Echter gaat het in de hedendaagse maatschappij niet over leven en dood, maar eerder over voorkeur en smaak.
We hoeven het varken niet te doden, want er zijn alternatieven.
Nu we toch volledig hypothetisch bezig zijn wil ik hier graag wat dieper op in gaan.
Neem als standpunt tegen veganisme dat je een kind en een kip in het water ziet vallen. Beiden kunnen niet zwemmen. In de situatie waar je er maar 1 kan redden, kies je uiteraard voor het kind. Maar dit is net zoals het scenario van het onbewoonde eiland niet het geval.
In de huidige maatschappij is het eerder het geval dat je de mogelijkheid hebt een kip uit het water te redden, of om een stuk chocola te eten. In dit geval zou ik kiezen voor het redden van de kip.

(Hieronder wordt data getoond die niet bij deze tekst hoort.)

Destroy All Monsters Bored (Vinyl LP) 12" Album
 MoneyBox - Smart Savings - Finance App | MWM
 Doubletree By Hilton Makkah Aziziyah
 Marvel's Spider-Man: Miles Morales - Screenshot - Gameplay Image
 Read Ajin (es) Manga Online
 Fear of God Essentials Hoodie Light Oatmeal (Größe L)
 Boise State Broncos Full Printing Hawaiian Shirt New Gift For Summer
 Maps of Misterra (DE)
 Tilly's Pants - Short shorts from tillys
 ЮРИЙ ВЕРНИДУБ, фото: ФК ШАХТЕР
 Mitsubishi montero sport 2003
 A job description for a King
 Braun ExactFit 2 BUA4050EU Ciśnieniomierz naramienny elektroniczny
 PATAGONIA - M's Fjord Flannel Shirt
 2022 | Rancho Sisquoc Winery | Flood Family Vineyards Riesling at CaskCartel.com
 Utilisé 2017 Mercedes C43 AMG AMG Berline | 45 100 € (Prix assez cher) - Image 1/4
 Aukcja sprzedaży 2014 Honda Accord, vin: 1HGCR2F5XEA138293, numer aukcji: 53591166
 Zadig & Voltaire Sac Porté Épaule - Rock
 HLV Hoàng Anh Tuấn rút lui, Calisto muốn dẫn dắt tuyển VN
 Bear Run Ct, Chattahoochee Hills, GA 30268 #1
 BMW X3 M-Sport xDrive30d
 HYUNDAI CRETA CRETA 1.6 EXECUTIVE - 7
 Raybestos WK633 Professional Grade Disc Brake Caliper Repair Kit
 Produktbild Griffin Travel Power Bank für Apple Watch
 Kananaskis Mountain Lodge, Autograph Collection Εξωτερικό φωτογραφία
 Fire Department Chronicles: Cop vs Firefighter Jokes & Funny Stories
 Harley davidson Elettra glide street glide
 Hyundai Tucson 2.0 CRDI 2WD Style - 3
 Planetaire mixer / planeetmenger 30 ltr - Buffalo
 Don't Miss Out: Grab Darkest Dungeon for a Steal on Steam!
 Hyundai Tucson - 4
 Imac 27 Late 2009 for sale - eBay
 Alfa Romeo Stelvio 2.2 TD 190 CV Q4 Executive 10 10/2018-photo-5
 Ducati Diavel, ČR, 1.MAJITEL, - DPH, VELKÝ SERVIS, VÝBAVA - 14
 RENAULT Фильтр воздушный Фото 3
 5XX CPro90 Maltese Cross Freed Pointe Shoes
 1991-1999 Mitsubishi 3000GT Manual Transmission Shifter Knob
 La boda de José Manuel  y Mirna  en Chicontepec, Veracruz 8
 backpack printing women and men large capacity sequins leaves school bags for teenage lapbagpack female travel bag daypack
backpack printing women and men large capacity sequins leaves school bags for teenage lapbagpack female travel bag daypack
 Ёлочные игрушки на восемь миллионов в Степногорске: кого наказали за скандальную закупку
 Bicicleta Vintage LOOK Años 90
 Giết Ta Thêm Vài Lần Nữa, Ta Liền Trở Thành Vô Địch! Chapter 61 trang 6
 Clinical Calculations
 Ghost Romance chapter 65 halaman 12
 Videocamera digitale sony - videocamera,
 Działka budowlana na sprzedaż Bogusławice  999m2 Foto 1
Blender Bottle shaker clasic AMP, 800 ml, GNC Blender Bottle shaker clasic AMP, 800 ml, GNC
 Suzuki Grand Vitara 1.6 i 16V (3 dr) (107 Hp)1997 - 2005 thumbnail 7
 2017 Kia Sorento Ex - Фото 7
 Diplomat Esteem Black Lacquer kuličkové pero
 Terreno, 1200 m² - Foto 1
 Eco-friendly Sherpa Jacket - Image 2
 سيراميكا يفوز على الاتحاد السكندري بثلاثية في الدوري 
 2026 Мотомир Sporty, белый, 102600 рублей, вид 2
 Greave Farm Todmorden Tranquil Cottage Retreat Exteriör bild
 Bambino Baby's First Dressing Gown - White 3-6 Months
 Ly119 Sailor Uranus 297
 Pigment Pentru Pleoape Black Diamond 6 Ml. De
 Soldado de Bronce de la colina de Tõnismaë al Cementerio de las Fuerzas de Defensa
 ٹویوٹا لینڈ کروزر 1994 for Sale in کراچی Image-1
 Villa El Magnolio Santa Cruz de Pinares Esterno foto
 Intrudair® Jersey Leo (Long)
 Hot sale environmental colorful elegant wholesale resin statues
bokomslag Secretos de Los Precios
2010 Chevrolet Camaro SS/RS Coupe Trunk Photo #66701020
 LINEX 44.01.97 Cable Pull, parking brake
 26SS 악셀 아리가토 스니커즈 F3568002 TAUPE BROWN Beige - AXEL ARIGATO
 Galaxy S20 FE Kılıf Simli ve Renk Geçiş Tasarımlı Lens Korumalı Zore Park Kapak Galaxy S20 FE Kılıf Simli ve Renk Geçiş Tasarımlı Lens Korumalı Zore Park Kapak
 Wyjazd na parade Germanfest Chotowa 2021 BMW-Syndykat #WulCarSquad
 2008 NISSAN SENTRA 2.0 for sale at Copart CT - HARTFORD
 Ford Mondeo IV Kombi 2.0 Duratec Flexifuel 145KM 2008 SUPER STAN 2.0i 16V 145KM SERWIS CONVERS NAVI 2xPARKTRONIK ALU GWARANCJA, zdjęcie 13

En niet omdat ik vind dat de kip hogere morele waarde heeft dan ikzelf, maar omdat het kippenleven waardevoller is dan de tijdelijke smaaksensatie die het stuk chocola oplevert.
De vraag is niet of we mensen en dieren een gelijke morele waarde moeten geven, maar of wij het leven van een dier minder waard vinden dan een tijdelijke vertroeteling van onze smaakpapillen, helemaal in een wereld waar genoeg niet-dierlijke alternatieven zijn die dezelfde voldoening geven. Zowel qua smaak als qua voedingswaarde.
Conclusie
Ondanks dat ik vlees heerlijk vind, kan ik na het onderzoeken van dit onderwerp niet met 100% zekerheid zeggen dat ik als mens gerechtvaardigd ben om een dier te (laten) doden voor consumptie.
En met die uitspraak sluit ik dit artikel af. Het is een triviaal onderwerp, waarover ik graag met jullie in gesprek ga als jullie nog andere inzichten hebben.
Referenties
[1] Descartes, R., Haldane, E. S., & Ross, G. R. T. (2012). Discourse on Method and Meditations. Geraadpleegd van https://www.earlymoderntexts.com/assets/pdfs/descartes1637.pdf
[2] Kant, I., & Abbott, T. K. (2004). Critique of Practical Reason and Other Works on the Theory of Ethics. Geraadpleegd van https://www.gutenberg.org/files/5683/5683-h/5683-h.htm
[3] Orwell, G., & Bradbury, M. (2003). Animal Farm. Amsterdam, Nederland: Adfo Books.
[4] Bentham, J. (2007). An Introduction to the Principles of Morals and Legislation (1ste editie). Geraadpleegd van https://www.utilitarianism.com/jeremybentham.html
[5] Schopenhauer, A., Payn, E. F. J., & Cartwright, D. E. (2019). On the Basis of Morality. Zaltbommel, Nederland: Van Haren Publishing.
[6] Singer, P. (2015). Animal Liberation. New York, Verenigde Staten: Penguin Random House.
[7] Diaz-Leon, E. (2013). What Is Social Construction? European Journal of Philosophy, 23(4), 1137–1152. https://doi.org/10.1111/ejop.12033
[8] Stibbe, A. (2001). Language, Power and the Social Construction of Animals. Society & Animals, 9(2), 145–161. https://doi.org/10.1163/156853001753639251
[9] Huxley, A., & Cookson, L. (2004b). Brave New World (1ste editie). New York, United States: Aldous Huxley.
[10] Rawls, J. (2009). A Theory of Justice. Amsterdam, Nederland: Amsterdam University Press.